"Réformer l’ortografe pour l’enseigner"

Voilà que des cours d’orthographe sont dispensés à l’université. Les enseignants se lassent de lire des dissertations truffées de fautes. Voilà que la dictée devient obligatoire à l’entrée de grandes écoles scientifiques, d’ingénieurs ou de commerce. Logique : dans leur processus d’embauche, les entreprises se mettent à évaluer les compétences orthographiques des postulants. Elles en ont soupé de ces jeunes cadres incapables de rédiger le moindre rapport ou courriel dans un français correct.

"Réformer l’ortografe pour l’enseigner"

Pour combler leurs lacunes, ils pourront toujours recourir aux services d’un coach en orthographe, nouvelle profession en plein essor. Tout autant que les ventes des logiciels d’entraînement, ou les tirages des bons vieux Bled et Bescherelle... Qu’il affole, désole ou indiffère, le constat est désormais unanimement dressé, et scientifiquement démontré, d’une baisse de la maîtrise orthographique - ces vingt dernières années notamment - particulièrement visible en cette ère numérique. Jamais on n’avait autant écrit, jamais, surtout, autant de monde n’avait eu besoin d’écrire. L’orthographe défaillante devient une barrière à l’embauche, un frein aux évolutions de carrière.

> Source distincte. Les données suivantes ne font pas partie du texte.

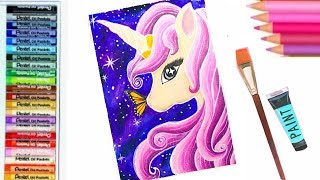 How To Draw and Color Unicorn in the galaxy  l วาดภาพระบายสีม้ายูนิคอร์น ในกาแลคซี่ screenshot 4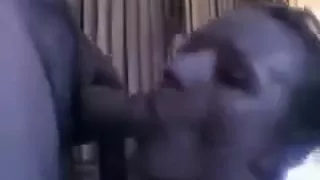 French Blonde Cum-Lover Sucking And Gagging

C’est dans ce contexte qu’est récemment parue L’orthographe en crise à l’école. Et si l’histoire montrait le chemin ?, d’André Chervel. Un petit livre qui offre une mise en perspective historique particulièrement éclairante. Agrégé de grammaire, docteur ès lettres, André Chervel a été enseignant durant trente ans, du collège à l’université, avant de devenir chercheur au Service d’histoire de l’éducation de l’Institut national de recherche pédagogique.

Lui qui a passé plus de cinquante ans à étudier la langue française et son enseignement, publiant de nombreux ouvrages (dont une Histoire de l’enseignement du français du XVIIe au XXe siècle, prix Guizot 2007 de l’Académie française), lui qui en connaît les plus infimes évolutions au cours des siècles, qui en goûte toutes les subtilités, n’hésite plus à appeler de ses vœux une réforme drastique. Sinon, affirme-t-il, l’orthographe deviendra une pratique d’élite. Contrairement à bien des idées reçues, en réformant, nous respecterions la tradition historique.

Peut-on réellement parler d’une "crise" de l’orthographe ? Le niveau baisse-t-il réellement de façon spectaculaire, ou a-t-on aussi un peu affaire à un discours passéiste, en référence à un âge d’or mythique de l’école laïque et républicaine ?

Cette crise est une évidence. Les enseignants de tous niveaux avec lesquels je discute se plaignent d’une insuffisante maîtrise orthographique de leurs élèves ou de leurs étudiants. On observe désormais à l’université ce qu’on constatait il y a quelques années au niveau du primaire ou des premières classes de collège. J’ai, moi-même, longtemps cru que ce discours du "Tout-fout-le-camp" ne reposait sur rien. Avec Danièle Manesse (professeure en sciences du langage à Paris-III), nous avions même démontré le contraire, en 1989, en publiant une enquête menée à partir de dictées du xixe siècle, auxquelles nous avions soumis les élèves d’il y a vingt ans. Nous avions prouvé qu’entre 1875 et 1987, le niveau orthographique des 9-14 ans avait énormément grimpé. Ce qui était logique : en 1875, près de la moitié des femmes et un quart des hommes étaient encore analphabètes. Rappelons-nous qu’en 1830, la grosse majorité des maîtres ignoraient l’orthographe et que l’école n’a réellement été chargée de l’enseigner qu’à partir de la loi Guizot de 1833. Il a ensuite fallu un bon siècle pour que cet enseignement produise tous ses effets.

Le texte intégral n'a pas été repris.